SOLUTION 2: ELASTIC CONTAINER SERVICE

To run our application as a container, we first need to package it as such and make it available for any ECS cluster on AWS. For this we’ll reuse the ECR, or elastic container repository, we made earlier. An ECS cluster on its own won’t do much, it just specifies a hook or group our later tasks can belong to. For this exercise I decided to make use of the serverless Fargate service, as we already did EC2 for the previous solution. In order to run our containers we first create a task definition, specifying the image, cpu and memory usage, port mappings and some environment variables (our DB credentials in this case). Next up is the service. The service links the task to the ECS cluster and specifies how many instances of the containers we want. It’s very similar to our auto scaling group from the previous solution in that regard. We’re going to skip attaching it to a load balancer for now and instead assign it a public IP directly.

SOLUTION 3: ELASTIC KUBERNETES SERVICE

EKS, or elastic kubernetes service, will also revolve around the use of containers, but in a Kubernetes environment, instead of a specific AWS environment. We won’t be creating our own cloud formation template for this and instead let eksctl, the cli tool to interact with EKS, do the heavy lifting. When setting up a new cluster, it will create its own stacks based on templates that are far superior to anything I could make right now.
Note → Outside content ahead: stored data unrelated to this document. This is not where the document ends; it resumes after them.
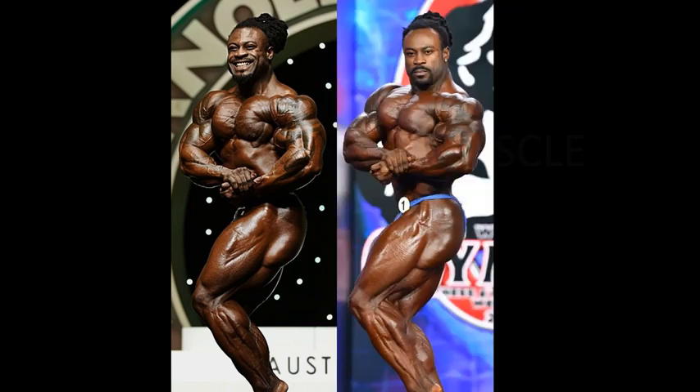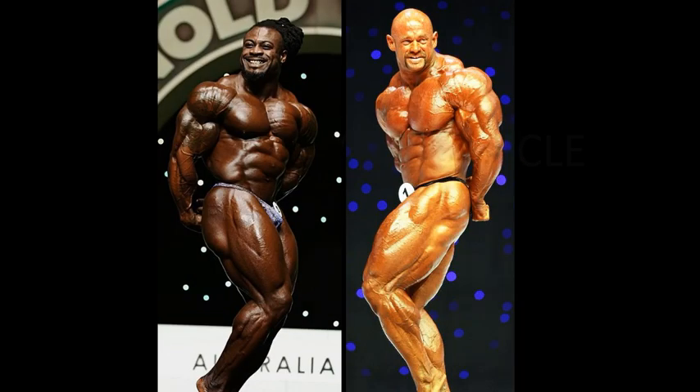Let's bring up 2020. Look at William Bonack — look at the difference. I cannot believe my eyes. From the chest — what happened, Bonack? That's what happens when you go from placing second and third at the Olympia to placing fifth. Look at the wheels, his legs are gone. But the chest, everything, arms — wow. I was probably giving the original side chest comparison to Bonack himself.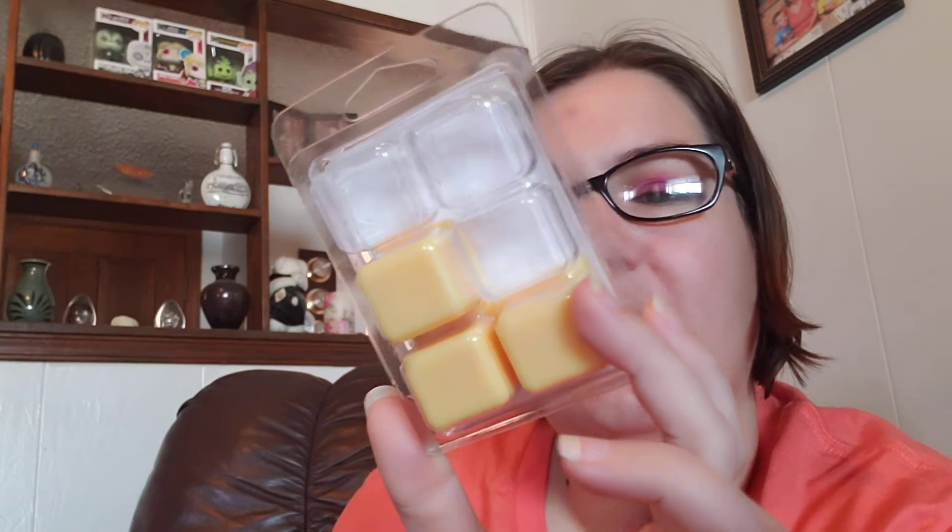Anyway, on to the wax bar. The wax bar I'm reviewing is called Brandon's Orange Soda Struggles and it says it smells like orange, grapefruit, lemon zest, and bubbly vanilla. I actually have two of these — one that I've partially used, and a whole other bar because on just cold sniff alone it smelled so good I knew I needed another one. This is what the bar looked like. It smells like the orange Hi-C you used to be able to get at McDonald's — it smells so freaking good.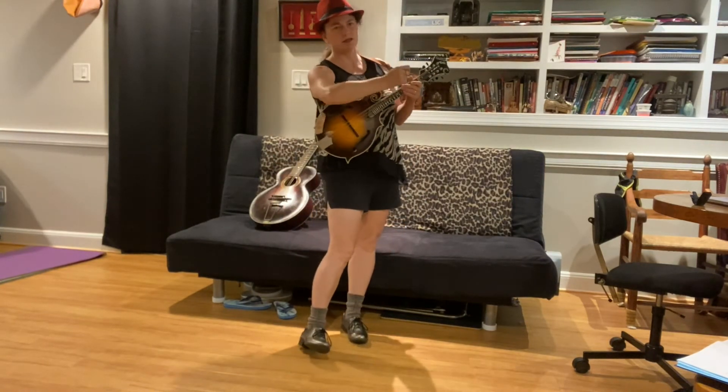Now of course, if you really want to get some looks and do party tricks, you can always do this while playing behind your head.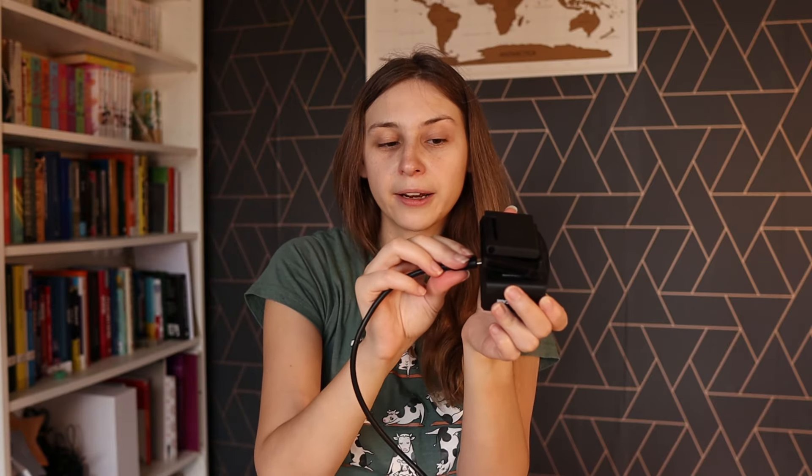And then we have a cable. Elgato started labeling their cables, so it should say the speed — it's a 3.5 to 5 gigabits per second cable. I'm not sure which cable came with the original one so I can't compare them. But you can plug this into the back and the other side into the computer. Make sure to put it in a USB 3.0 port, because that gives more speed and you'll get much better quality out of the camera.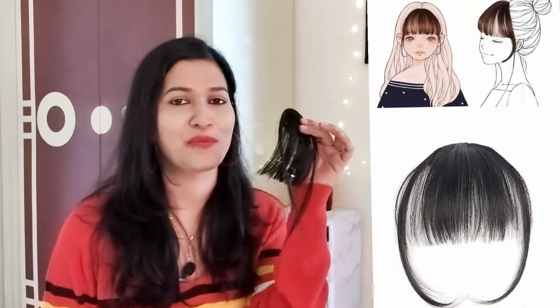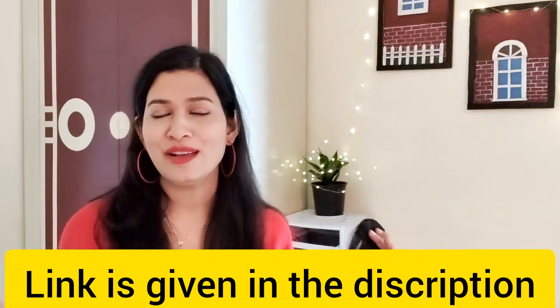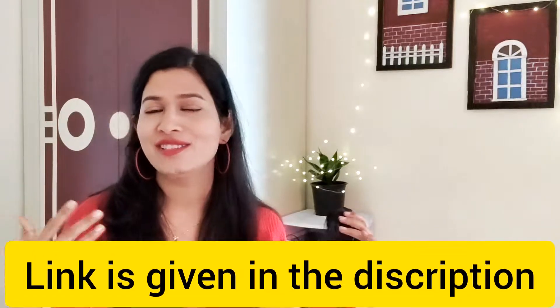These are fake bangs I bought from Amazon. I'm gonna try them on and I'll try to style them in different ways.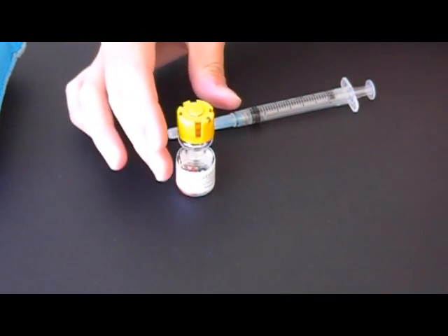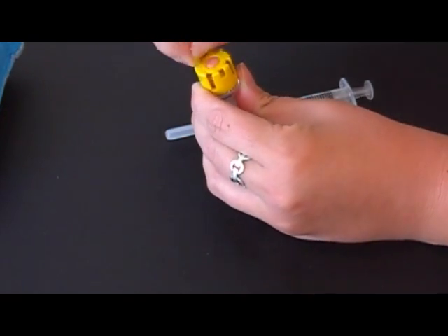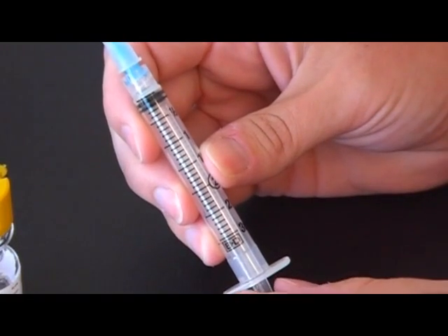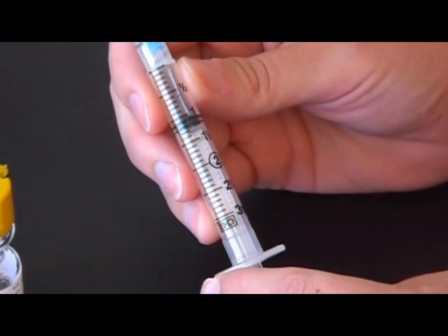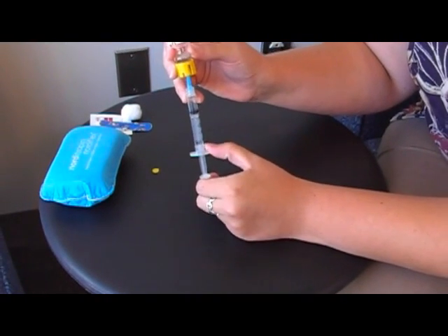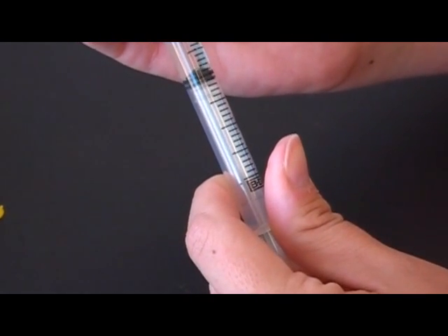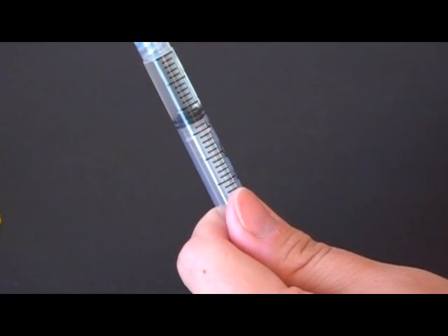The next step is to draw up the medication. The center part of the lid, the small circle, pops out — don't try to remove the whole lid. Take your syringe and needle and draw up air in the amount of medication you'll be giving: either half a cc, one cc, or two cc's. Remove the cap from the needle, stick the needle into the center of the stopper, turn the vial upside down, inject the air, and draw back the medication. Pull back a little further than what you need, then remove the needle from the vial. It's okay if there are some air bubbles — we'll get those out later.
After deploying the cluster we end up with a Kubernetes environment in its own VPC. In order to gain access to our database we will need to set up a VPC peering connection between the two VPCs. Once they are bridged, we can configure the routing table of the EKS cluster to route to the DB VPC and vice versa. Updating our private subnet routing table is sufficient, since we’re only interested in resources deployed in our private subnet. With the cluster available, we can deploy our server. For this, I created a simple helm chart. Helm is the de facto standard “package” manager of Kubernetes, which can manage a collection of resources. In this case we have our deployment, which instantiates a pod with our server image, and a load balancer service. Since the Kubernetes cluster is deployed in AWS, AWS handles the load balancer behind the scenes (which is a breath of fresh air coming from someone who is primarily used to on premises Kubernetes deployments).

SOLUTION 4: ELASTIC BEANSTALK

Next up is elastic beanstalk. This AWS service is promoted as being the fastest way to get your application in the cloud, and they’re not lying. For this solution I used the eb CLI tool, and launching my app was as easy as creating a new EB deployment in the directory containing my sources and we were off to the races. One big catch however, is that it won’t as easily support my old, cumbersome, legacy application. Instead, I provided this simple Node.js app, which provides a subset of the functionality in the form of a REST API. In this case, listing all the cards in the catalog and listing some additional information on a single card, if requested by ID. Clearly this is significantly more work and would require a full rewrite to be done in practice, but porting a big legacy app in its entirety to the cloud is something I wouldn’t recommend in the first place. Instead, this approach could offer development teams an easy, low barrier, way to create new, smaller, micro services that offer subsets of functionality of the larger monolith. That way, a business could plot out a more long term migration plan, slowly replacing the old with the new. Final side note I’d like to mention, I didn’t notice any support to automatically attach ssl to your deployment (even though the nginx setup is automatic and included). I find this to be quite disappointing given the otherwise excellent ease of use. I feel that it is somewhat dangerous to offer such a simple approach to deploying webapps, while at the same time not being secure by default. This is something that they should definitely improve.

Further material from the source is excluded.